Sierra Watch Director Tom Mooers said some people have called his organization “out of touch or extreme,” but the court’s ruling shows that “it is actually the development that is extreme,” he said.
“This puts the brakes on the freight train of development that was careening along,” Mooers said. “It’s encouraging. It gives us hope that we can indeed achieve what we set out for Martis Valley.”
The ruling sided with conservationists on almost all major issues and criticized the county for policies that create “opportunities for environmental mischief.” The judge specifically cited the county’s underestimation of allowable development and traffic impacts under the plan as two reasons why he ruled in favor of conservationists.
Placer County will now have to go back and “do everything right,” said Mooers.
Rachel Hooper, the attorney representing Sierra Watch and four other environmental groups, said Placer County has a lot of work to do to make the approval of their plan legal under sate law.
“That will be large task because what they have filed is so fundamentally flawed,” Hooper said.

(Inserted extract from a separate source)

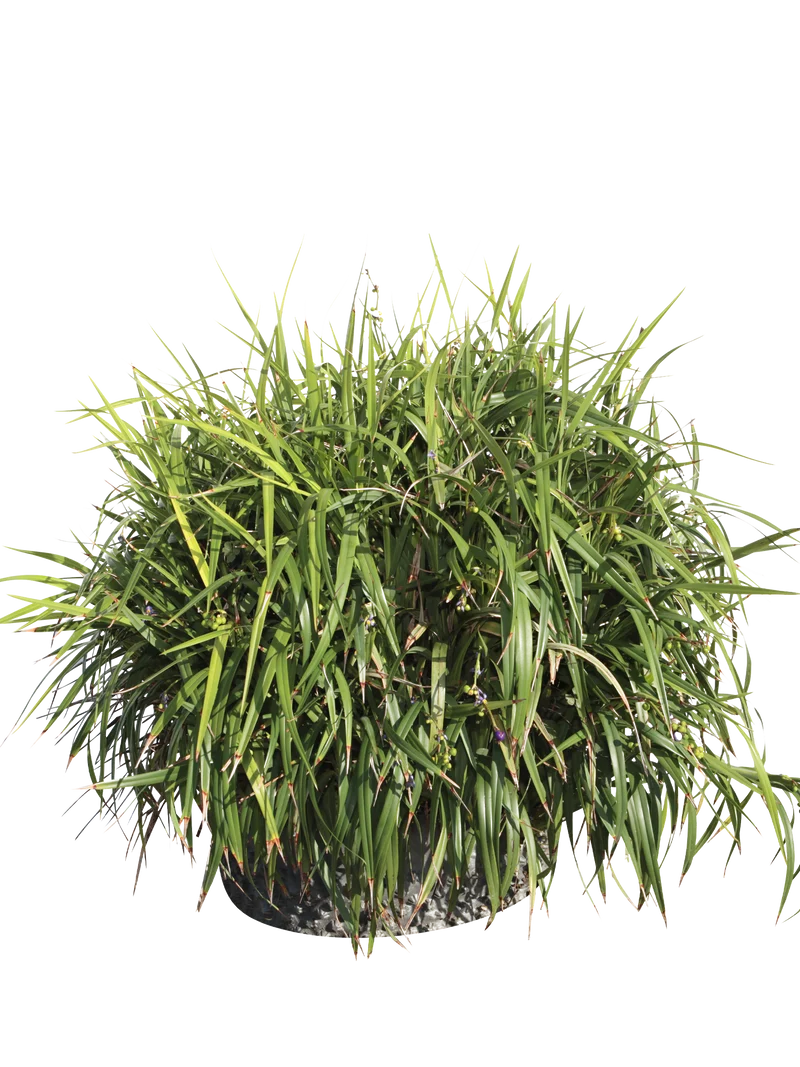 Dianella Sitara® 'Weeping Kate' - Flatpot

Although Sierra Watch and its allies are seeking to limit development, they are supporting the construction of development in the Northstar at Tahoe resort and at Eaglewood, a project along the southern border of Truckee. The developers of those projects have agreed to contribute millions of dollars to preserve habitat in the valley, and in Northstar’s case, limit development on their land.
“We now feel that these projects fit into a responsible plan for the Martis Valley and we want to see them go forward,” Mooers said.
Those agreements will be reflected in the final judgment that Sierra Watch’s attorneys will submit for the judge’s consideration.
The final judgment will set out the course of how the judge’s ruling will be instituted.
“We are not seeking to stop (Northstar or Eaglewood),” said Hooper. “The other projects would be bound by this.”
Going back to the drawing board to reformulate a legal community plan is a setback, given the years that the county has worked to develop the overturned plan, said Crabtree.
“It’s disappointing because it is a process that has taken years and hundreds of hours of public meetings and public input,” Crabtree said.